Required work:
Everything from the line with "Forever Stoned Graphic Print T-Shirt" to the final line of the entries is to be set down exactly, except the pictures.

Record excerpts:
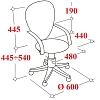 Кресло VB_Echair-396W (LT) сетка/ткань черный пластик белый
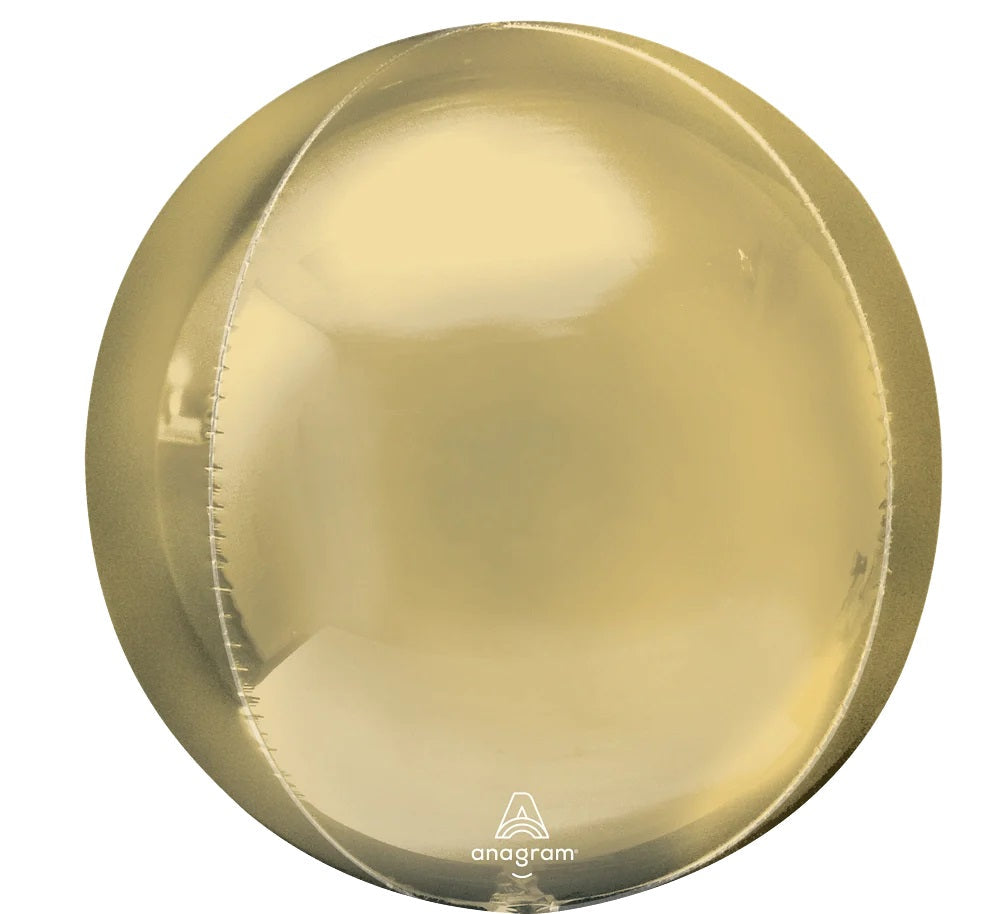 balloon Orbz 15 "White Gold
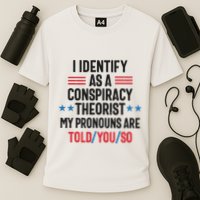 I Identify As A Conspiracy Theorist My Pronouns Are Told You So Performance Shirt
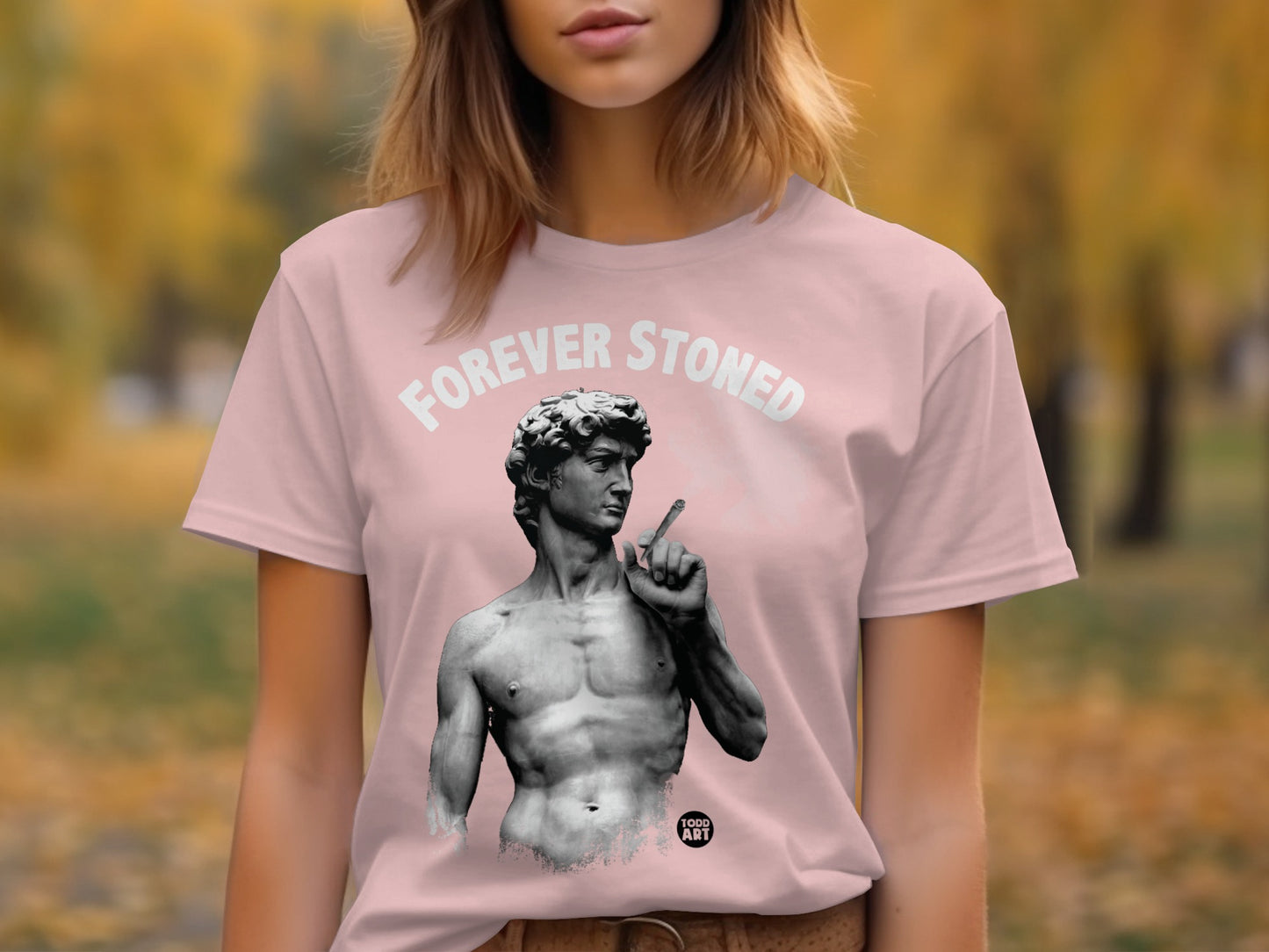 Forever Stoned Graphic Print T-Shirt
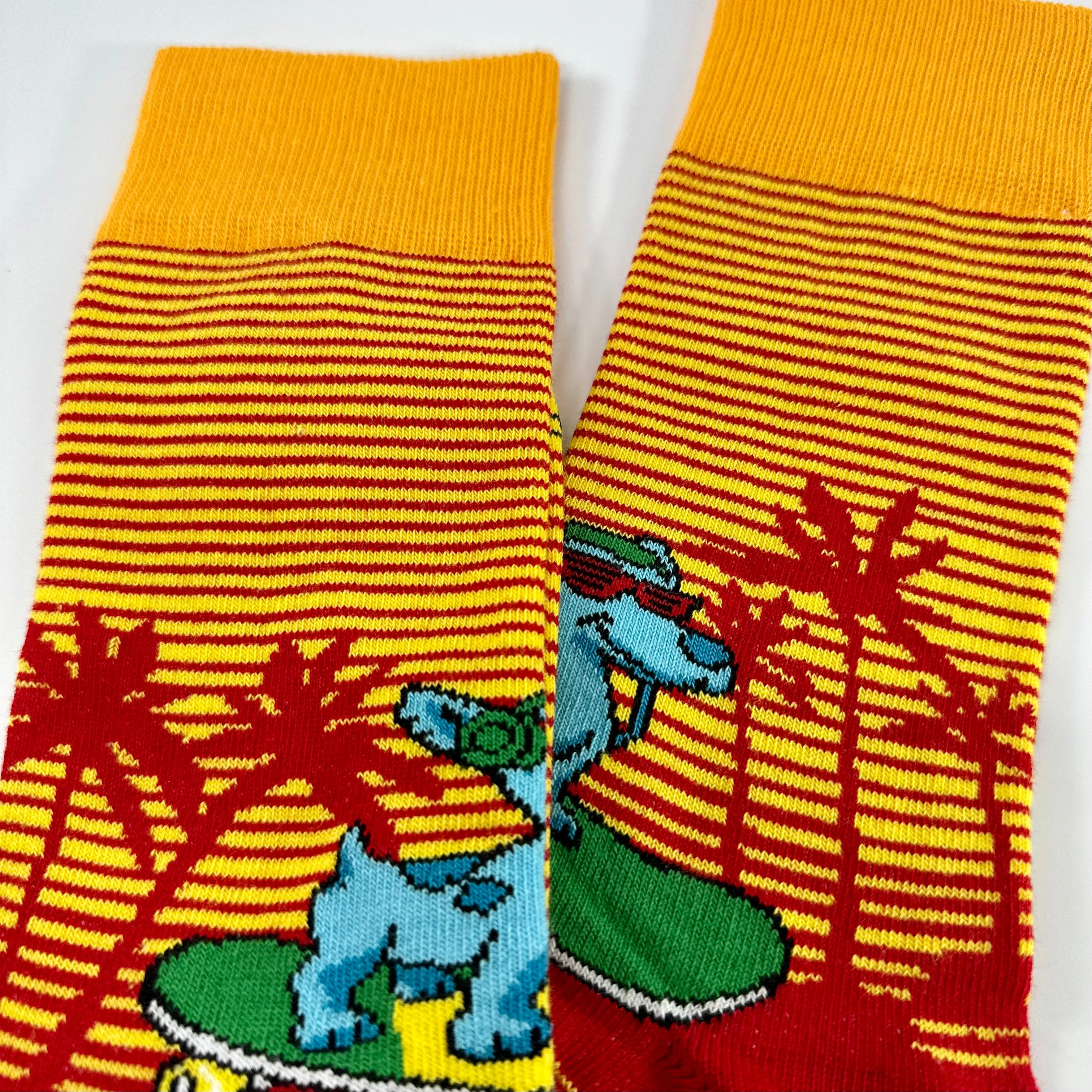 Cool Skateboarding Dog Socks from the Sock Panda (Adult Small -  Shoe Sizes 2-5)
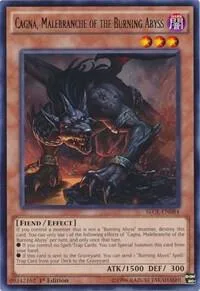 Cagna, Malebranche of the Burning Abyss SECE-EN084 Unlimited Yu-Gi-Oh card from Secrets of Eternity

Finished task:
 Forever Stoned Graphic Print T-Shirt
 Cool Skateboarding Dog Socks from the Sock Panda (Adult Small -  Shoe Sizes 2-5)
 Cagna, Malebranche of the Burning Abyss SECE-EN084 Unlimited Yu-Gi-Oh card from Secrets of Eternity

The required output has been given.